Salvador Gascón ya no está. Se fue dejándonos un recuerdo inmejorable. Fue el icono de la restauración valenciana durante casi dos décadas; el líder al que todos seguían, el amigo con el que todos los colegas se consolaban, el empresario de éxito al que todos envidiaban. Salvador fue el personaje más querido de la gastronomía valenciana y Casa Salvador un referente que rompió muchas fronteras hasta entonces infranqueables. Puso en valor el arroz y fue el primero en exigir un precio justo por un producto de calidad. Levantó un imperio con la gastronomía regional por bandera y consiguió convencernos de que para hacer un buen arroz había que partir de un fondo digno. Antes que Salvador se fueron su madre y su hermana Concha. Pero ninguno dejó al restaurante sumido en este sentimiento de orfandad.

Vuelvo a Casa Salvador con miedo. Temo verme un restaurante anclado en la nostalgia que, perdidos los referentes, se haya vuelto prescindible. Pero llego y me encuentro las vista de siempre, la carta de siempre y el equipo de siempre. Sólo me falta Salvador, Concha y el gran Carlos Calero (jefe de cocina durante décadas y responsable de la mayoría de los platos que aún hoy siguen en la carta). Comer en esta terraza sigue siendo un privilegio. Y los platos son y están igual de buenos que siempre. Hubo un tiempo en que en la lista de sugerencias de Casa Salvador te podías encontrar una lamprea o un zapatilla de mar. Claro. Pero eran otros tiempos para todos. Eran los años en los que en Ca´Sento servían rodaballos de cinco kilos y en Askua se abría botellas de Chataux d'Yquem para apurar el café.

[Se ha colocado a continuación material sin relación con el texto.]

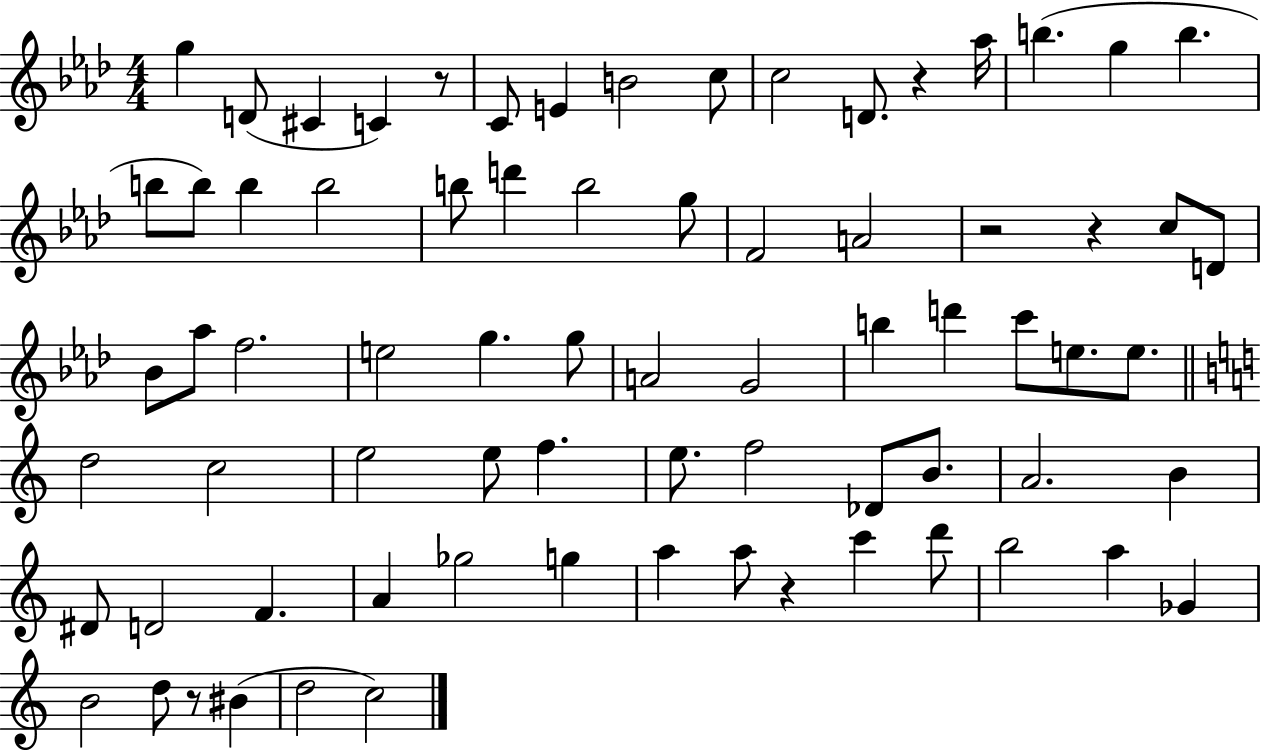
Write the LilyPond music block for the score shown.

{
  \clef treble
  \numericTimeSignature
  \time 4/4
  \key aes \major
  g''4 d'8( cis'4 c'4) r8 | c'8 e'4 b'2 c''8 | c''2 d'8. r4 aes''16 | b''4.( g''4 b''4. | \break b''8 b''8) b''4 b''2 | b''8 d'''4 b''2 g''8 | f'2 a'2 | r2 r4 c''8 d'8 | \break bes'8 aes''8 f''2. | e''2 g''4. g''8 | a'2 g'2 | b''4 d'''4 c'''8 e''8. e''8. | \break \bar "||" \break \key c \major d''2 c''2 | e''2 e''8 f''4. | e''8. f''2 des'8 b'8. | a'2. b'4 | \break dis'8 d'2 f'4. | a'4 ges''2 g''4 | a''4 a''8 r4 c'''4 d'''8 | b''2 a''4 ges'4 | \break b'2 d''8 r8 bis'4( | d''2 c''2) | \bar "|."
}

Visto en el contexto actual, Casa Salvador es un buen restaurante. El mejor de toda la marjal valenciana. Mi restaurante favorito para agasajar a mis clientes cuando quieren visitar los campos de arroz y, sin duda, uno de los imprescindibles para esos domingos en los que quiero desconectar de mis problemas disfrutando de un arroz con mi familia.

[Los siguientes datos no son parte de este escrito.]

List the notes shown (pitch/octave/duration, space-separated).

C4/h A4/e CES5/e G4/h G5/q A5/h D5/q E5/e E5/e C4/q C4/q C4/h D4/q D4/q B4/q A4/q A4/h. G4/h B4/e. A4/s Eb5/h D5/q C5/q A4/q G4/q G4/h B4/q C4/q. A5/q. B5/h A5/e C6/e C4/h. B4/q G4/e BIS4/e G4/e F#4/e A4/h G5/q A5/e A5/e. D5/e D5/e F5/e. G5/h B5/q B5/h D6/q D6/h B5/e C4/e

En mi última visita, comí una versión del esgarraet de dimensiones pantagruélicas, unos chipirones de escándalo, unas gambas dignas y una paella que hubiera sido sublime si el cocinero se hubiera ahorrado el ajo (un producto que ensucia el sabor de cualquier buen fondo). Además, han renovado la terraza. Le han liberado de aquella balaustrada que la separaba de l'estany de Cullera y la han dotado de una parrilla en la que un uruguayo asa al modo latino chuletones y pescados de la lonja. Lástima que, inexplicablemente, esa parrilla sólo se encienda durante el verano.

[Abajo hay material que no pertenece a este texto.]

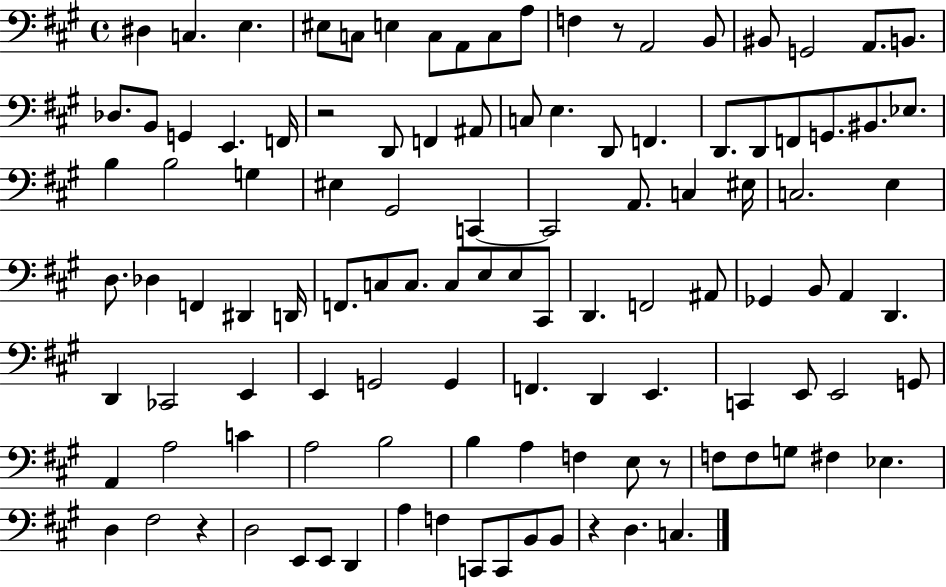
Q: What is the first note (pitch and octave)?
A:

Al Salvador de hoy sólo le falta una cara visible. Que alguno de los herederos (hijos de Concha y Salvador) de un paso al frente y lidere el restaurante. Porque en este mundo de hoy en día, además de ser bueno, hay que creérselo y saber contarlo. Y para eso no hace falta una gran oratoria sino la mera voluntad de asumir el liderazgo. El propio Salvador no fue nunca un gran orador. Era más bien un hombre tímido que escondía tras sus bigotes un verbo breve. Pero, cuando hacía falta, daba un paso hacia adelante, ponía la verdad por delante de su interés, y se erigía en ese jefe al que todos querían seguir. Nadie va a pedirles a ellos que sean Salvador. Sería una estupidez. Pero deben dar un paso adelante. Sentirse orgullosos de esa terraza maravillosa, darle valor al producto que compran en la lonja y a esa bodega que envidiarían muchos restaurantes vanguardistas. Levantar la cara y gritar con soberbia que ellos están ahí, para hacer lo mismo que siempre han hecho. Porque, al fin y al cabo, a todos ellos les salieron los dientes en esta casa, poniendo cafés y limpiando vasos. Yo seguiré viniendo aquí con ese cliente a quien no puedo fallar y con ese amigo al que deseo agradar.